AIM OF THE EXERCISE: Below are records with pictures. Reproduce exactly the lines from the line with "8NM951 Massachusetts License Plate" to the line with "Moderner Schaukelstuhl mit", inclusive, and leave each picture out.

DATASET RECORDS:
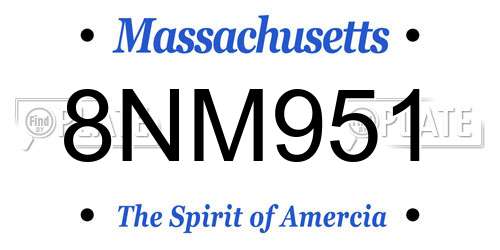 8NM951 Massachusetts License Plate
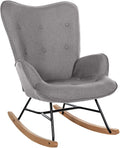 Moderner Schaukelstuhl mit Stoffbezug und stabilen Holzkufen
---
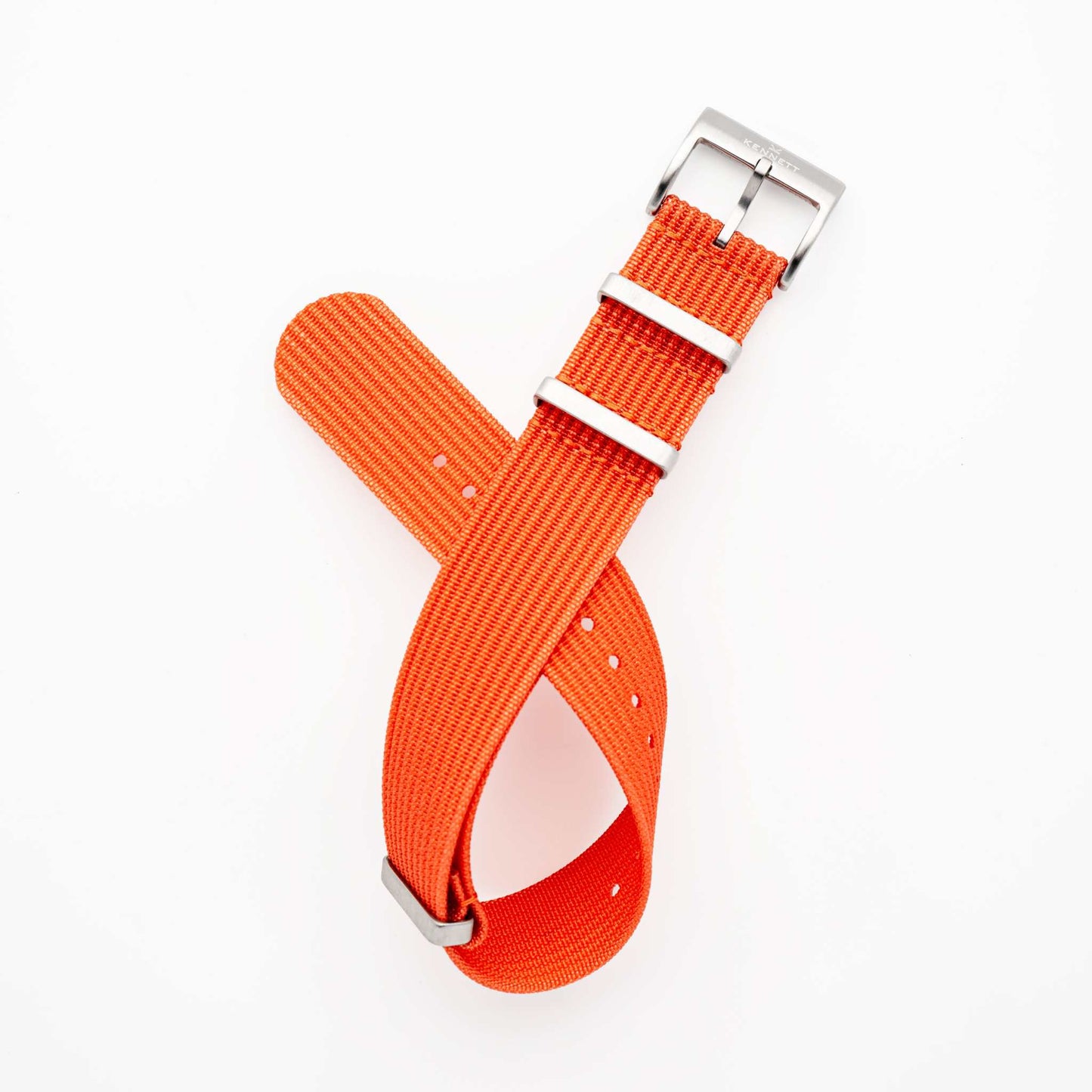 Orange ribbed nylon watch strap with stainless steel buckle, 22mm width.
---
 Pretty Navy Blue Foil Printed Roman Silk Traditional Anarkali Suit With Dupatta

SOLUTION TO THIS PROBLEM:
 8NM951 Massachusetts License Plate
 Moderner Schaukelstuhl mit Stoffbezug und stabilen Holzkufen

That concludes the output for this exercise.